Russia's Wagner Group claimed on Feb. 12 that its mercenaries captured the village of Krasna Hora, located six kilometers north of Bakhmut.

The Wagner founder Yevgeny Prigozhin claimed that the capture of the strategic village was all done by his mercenaries, and they were the ones who would soon seize Bakhmut – an embattled city in Donetsk Oblast that Russia had attempted to occupy for more than six months.

The Russian Defense Ministry didn't react to Wagner's claim about capturing Krasna Hora. Ukraine's General Staff didn't mention the village in its evening briefing.

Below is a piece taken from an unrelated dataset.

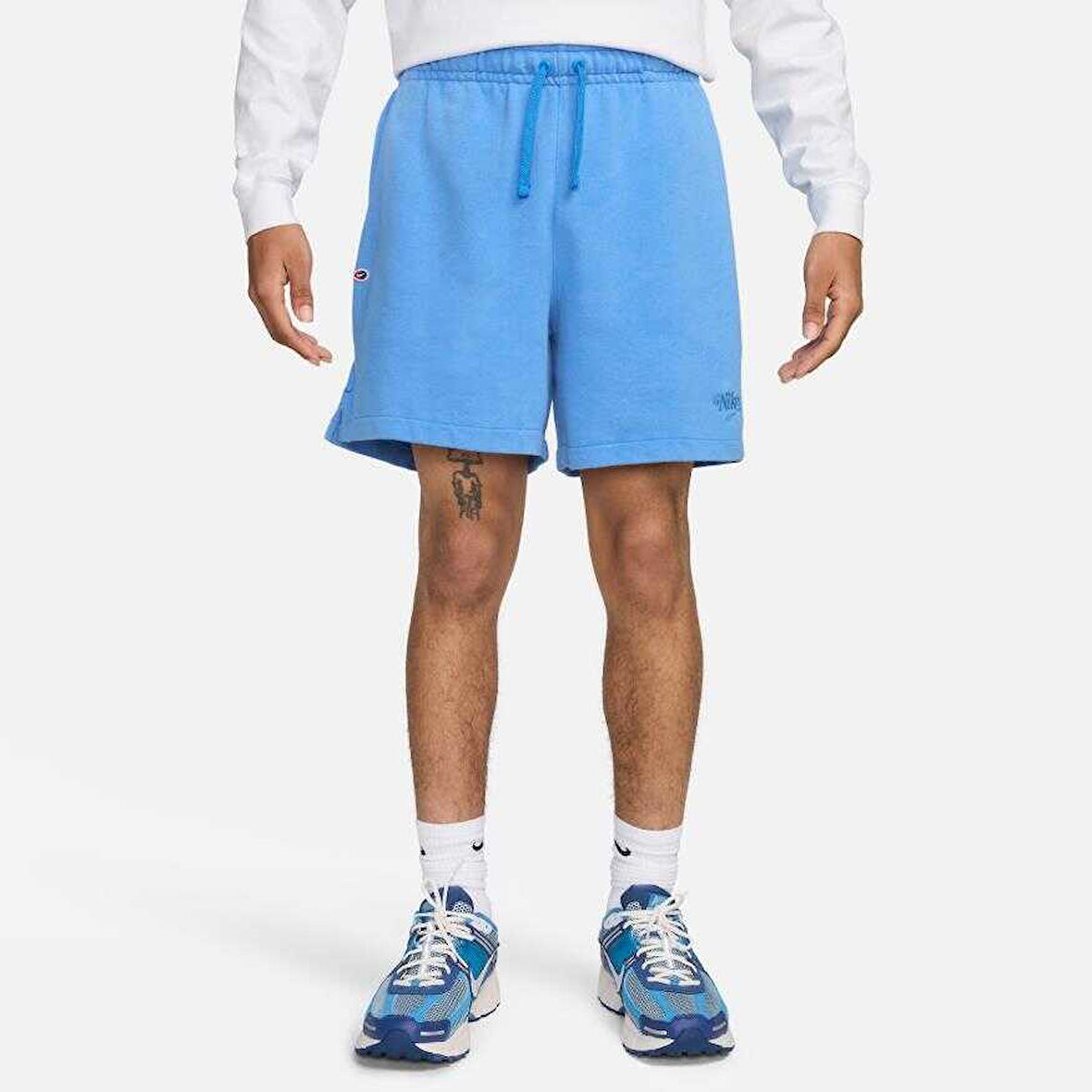 Club Fleece Short Fine 2.0 Bol Kesim Mavi Erkek Şort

However, the Institute for the Study of War (ISW), a D.C.-based think-tank analyzing the war in Ukraine, said in its Feb. 11 report that geolocated footage shows that Russian forces have captured at least part of the village and the Ukrainians have likely withdrawn from it.

Ukraine's General Staff said in its evening briefing that Russian troops were attempting to advance near Bakhmut and shelled the city and the nearby settlements.

Peak casualties

As Russian forces attempt to advance in Donetsk Oblast, Western intelligence reports that both sides suffer from an increasingly high casualty rate.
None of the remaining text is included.